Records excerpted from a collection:
○ ○ ○ ○ ○

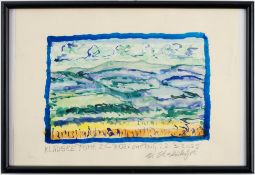 Alexandr Skalický (1932) FAREWELL TO THE KLADSKÉ BORDERLANDS I 2025Watercolour on paper, 21.5x31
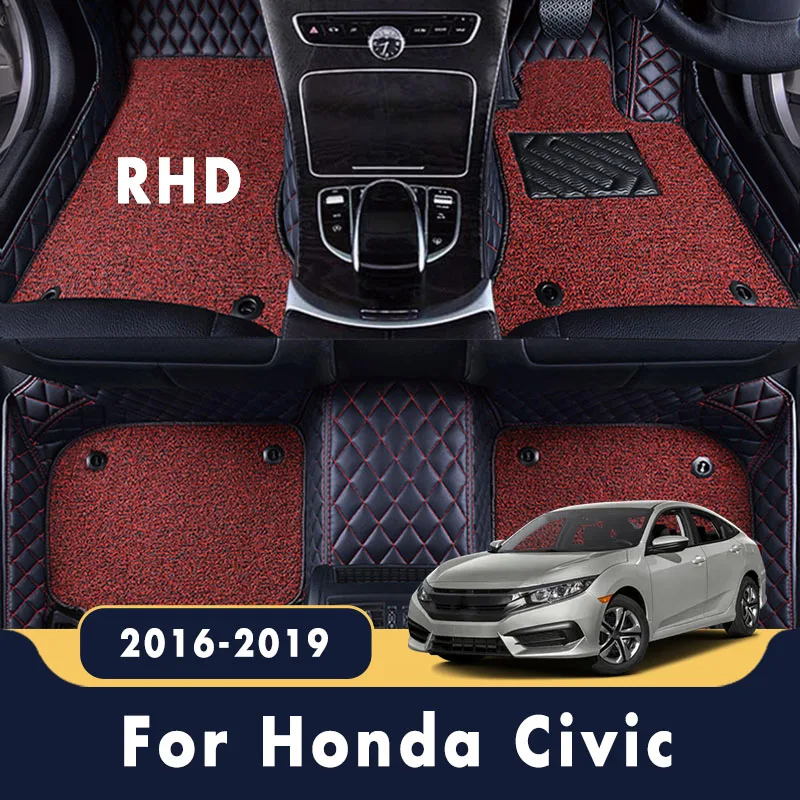 

Двухслойные коврики с проволочной петлей RHD, автомобильные коврики для Honda Civic 10 седан 2021 2020 2019 2018 2017 2016, аксессуары класса люкс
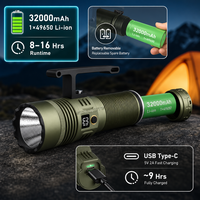 Lampe torche LED rechargeable 13500LM, étanche IP67, zoomable, portée 1000m, lampe de chasse tactique avec batterie 32000mAh, USB Type-C
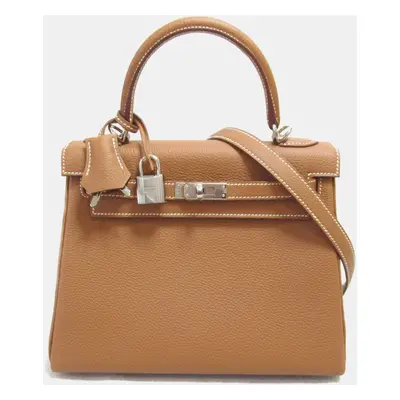 Hermes Brown Togo Leather Kelly Bag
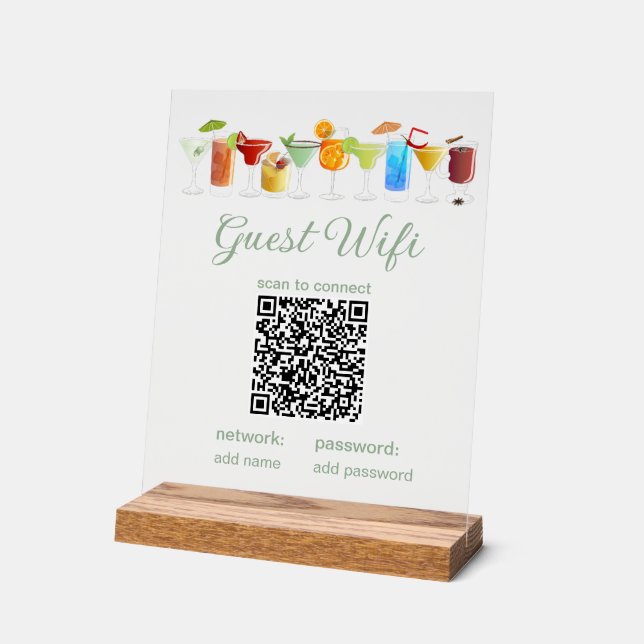 Señal Acrílica Transparent Guest WiFi Sign with QR Code  (Ángulo)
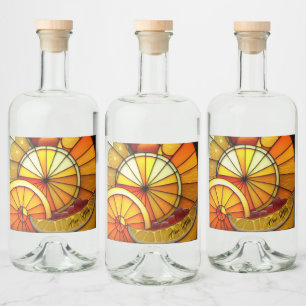 Orange-Keile aus festem Glas Alkoholflaschenetikett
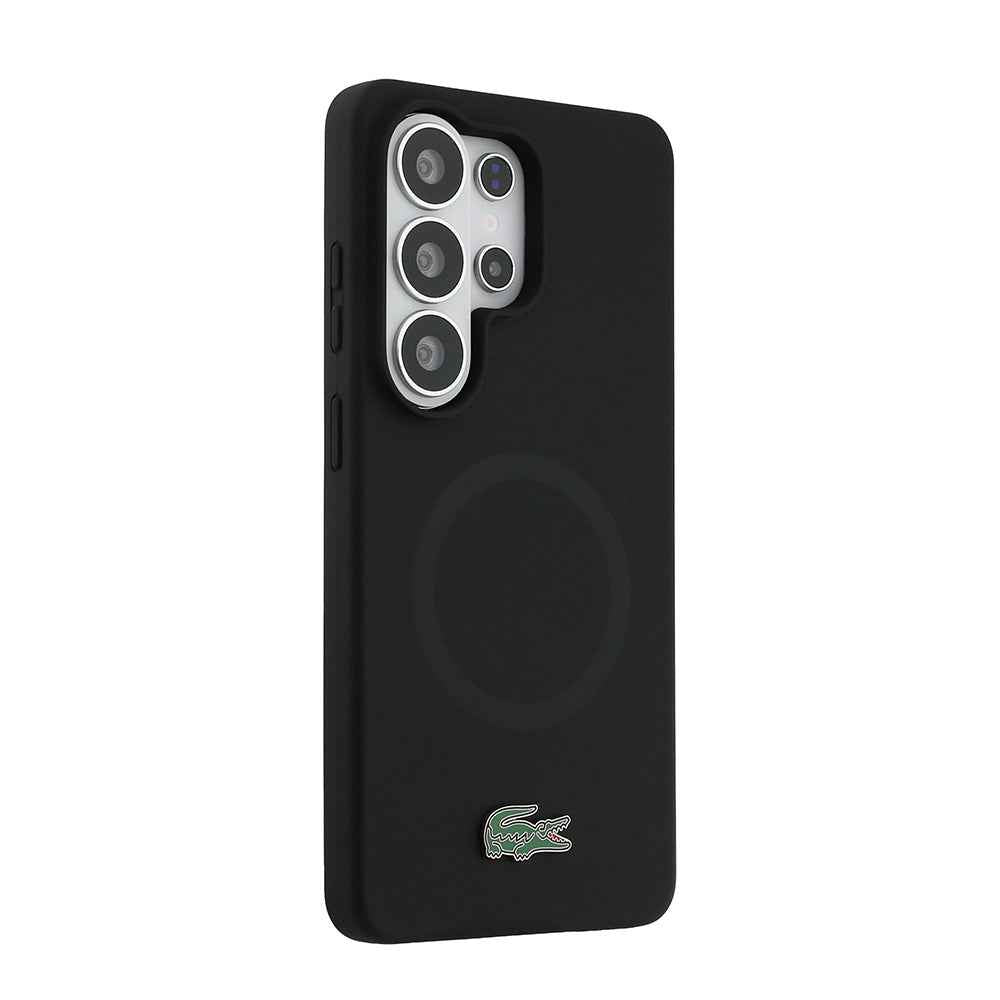 Galaxy S26 Ultra Kılıf Lacoste Orjinal Lisanslı M-safe Şarj Özellikli İkonik Logolu Metal Kamera Çerçeveli Silikon Kapak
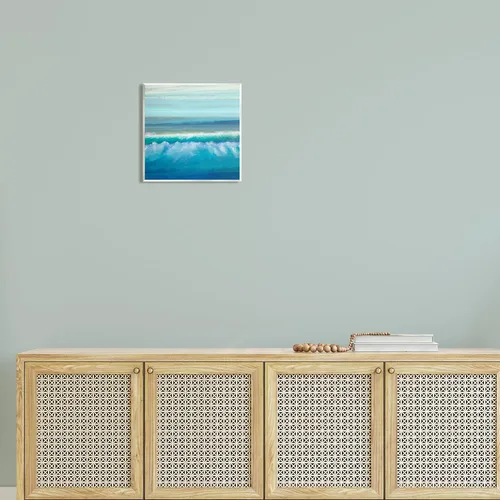 Vista 3 de Stupell Industries Arte de pared de madera cepillada con ondas de mar estrelladas, diseño de Michael Tienhaara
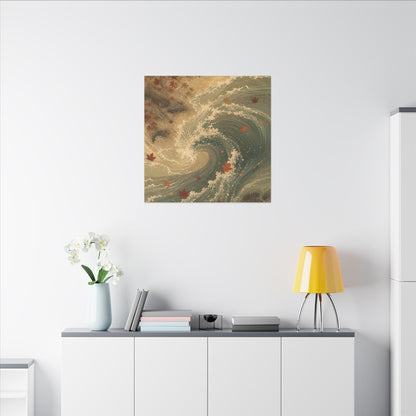 Japandi Ocean Wave in Candlelight | Japanese Pattern Canvas Art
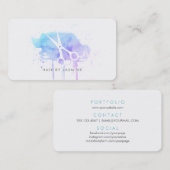 Carte De Visite coiffure moderne cheveux aquarelle bleu pourpre (Devant / Derrière)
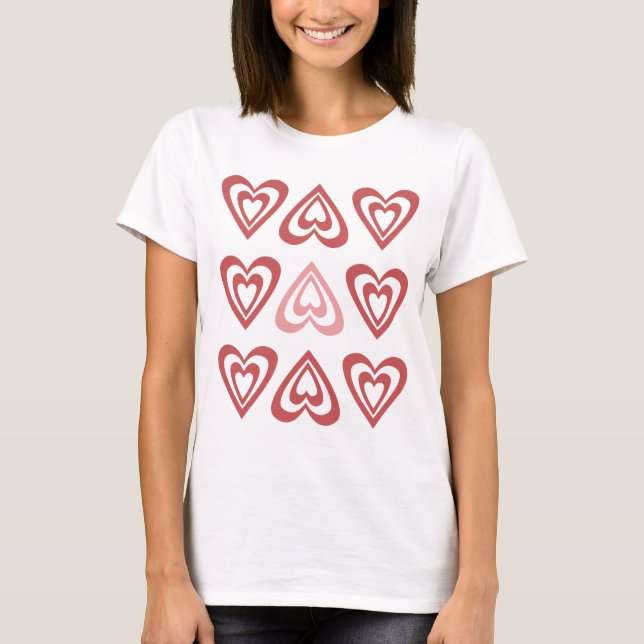 Cute Valentine Hearts – Love & Romance Design T Shirt (Framsida)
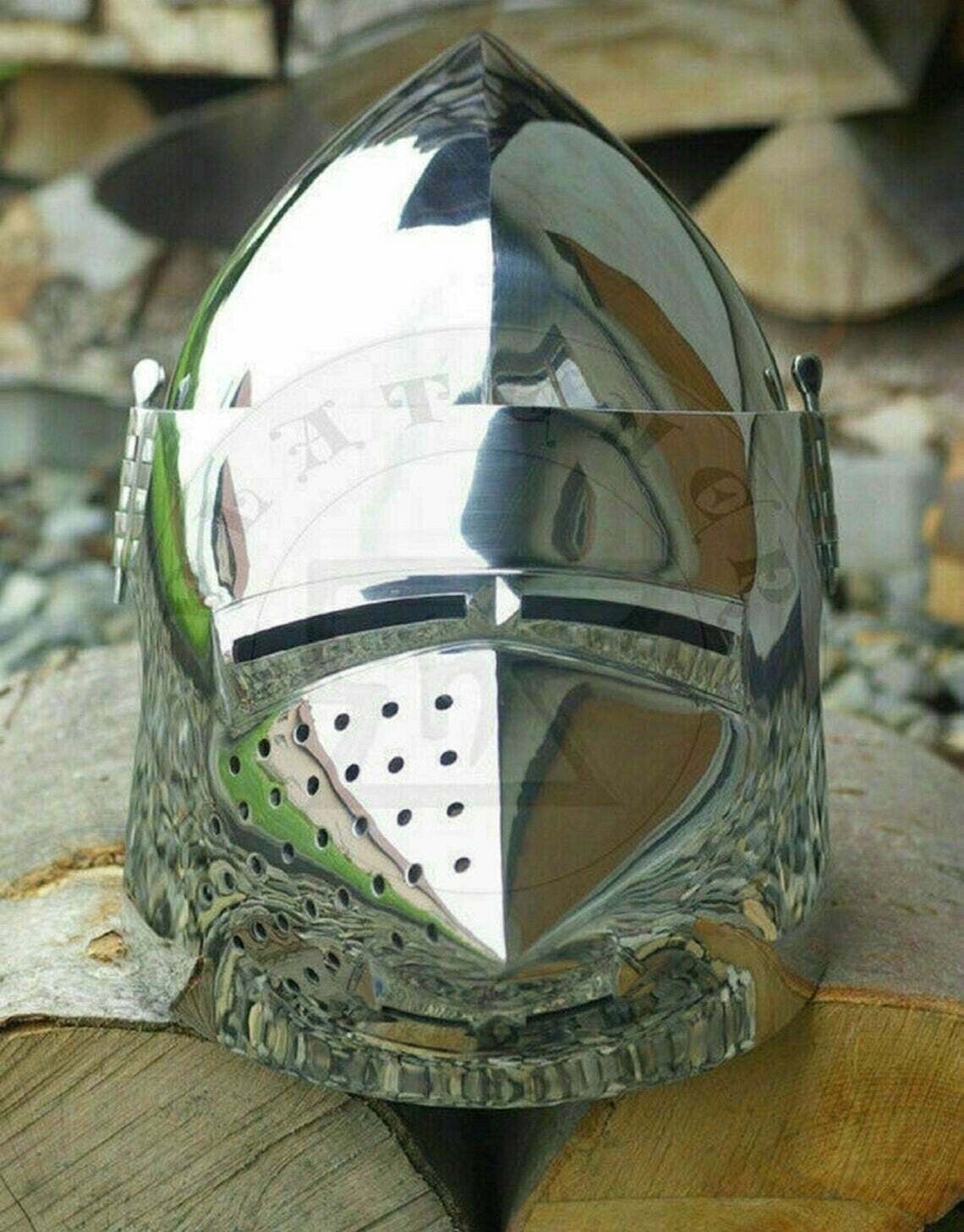 Medieval New Battle Ready Armor Knight Pig Face Helmet Armor Crusader Helmet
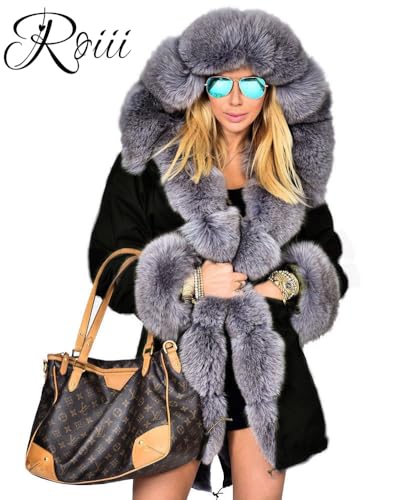 Women Thicken Warm Winter Coat Hood Down Parka Fleece Fur Outdoor Overcoat Long Jacket Outwear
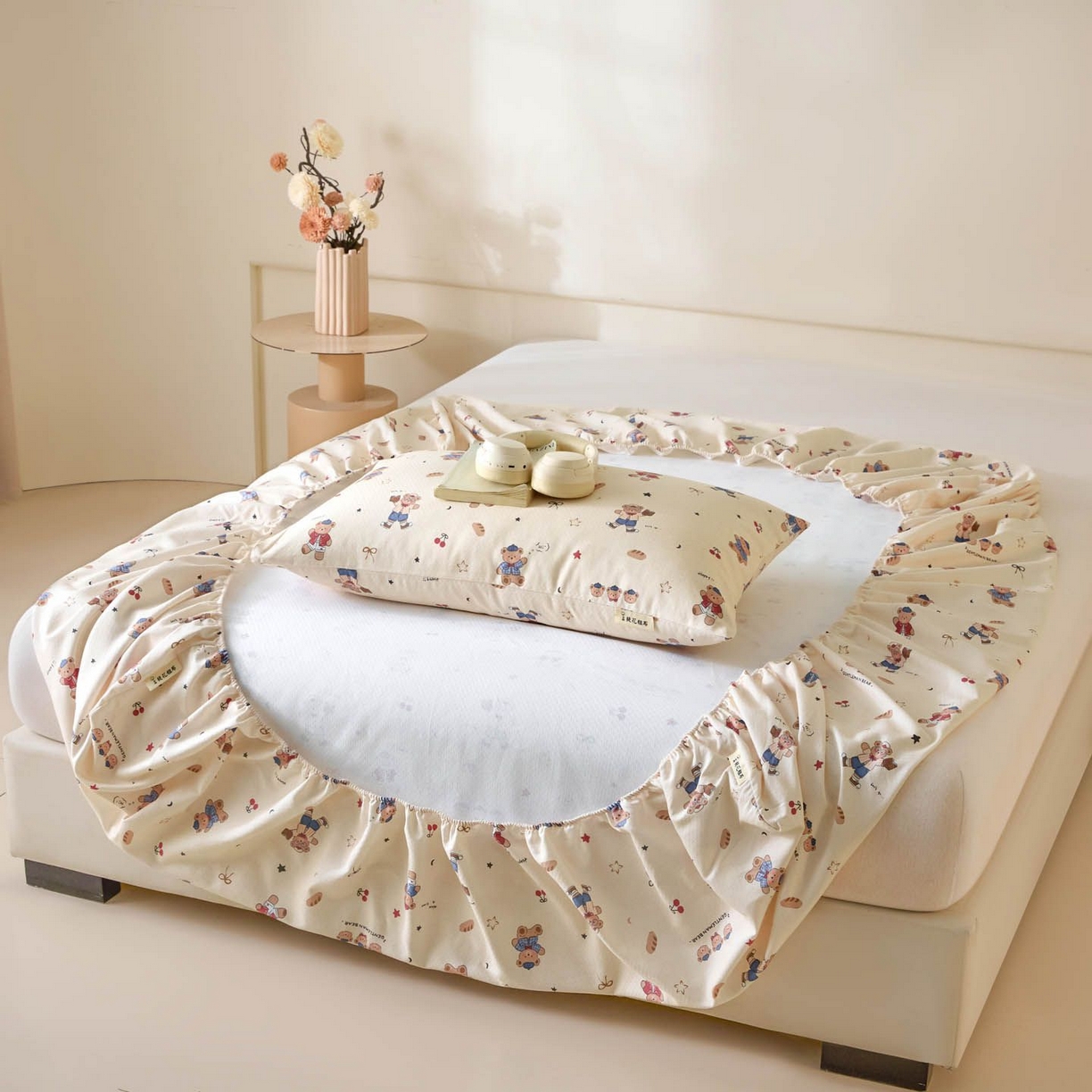 91家纺网 家纺一手货源 找家纺 涵宸家纺 2026新款全棉提花老粗布-单床笠 床笠-活力熊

○ ○ ○ ○ ○

EXERCISE OBJECTIVE:
Quote the entries above word for word. Leave the images out.

RESPONSE AREA:
 Alexandr Skalický (1932) FAREWELL TO THE KLADSKÉ BORDERLANDS I 2025Watercolour on paper, 21.5x31

Двухслойные коврики с проволочной петлей RHD, автомобильные коврики для Honda Civic 10 седан 2021 2020 2019 2018 2017 2016, аксессуары класса люкс
 Lampe torche LED rechargeable 13500LM, étanche IP67, zoomable, portée 1000m, lampe de chasse tactique avec batterie 32000mAh, USB Type-C
 Hermes Brown Togo Leather Kelly Bag
 Señal Acrílica Transparent Guest WiFi Sign with QR Code  (Ángulo)
 Orange-Keile aus festem Glas Alkoholflaschenetikett
 Galaxy S26 Ultra Kılıf Lacoste Orjinal Lisanslı M-safe Şarj Özellikli İkonik Logolu Metal Kamera Çerçeveli Silikon Kapak
 Vista 3 de Stupell Industries Arte de pared de madera cepillada con ondas de mar estrelladas, diseño de Michael Tienhaara
 Japandi Ocean Wave in Candlelight | Japanese Pattern Canvas Art
 Carte De Visite coiffure moderne cheveux aquarelle bleu pourpre (Devant / Derrière)
 Cute Valentine Hearts – Love & Romance Design T Shirt (Framsida)
 Medieval New Battle Ready Armor Knight Pig Face Helmet Armor Crusader Helmet
 Women Thicken Warm Winter Coat Hood Down Parka Fleece Fur Outdoor Overcoat Long Jacket Outwear
 91家纺网 家纺一手货源 找家纺 涵宸家纺 2026新款全棉提花老粗布-单床笠 床笠-活力熊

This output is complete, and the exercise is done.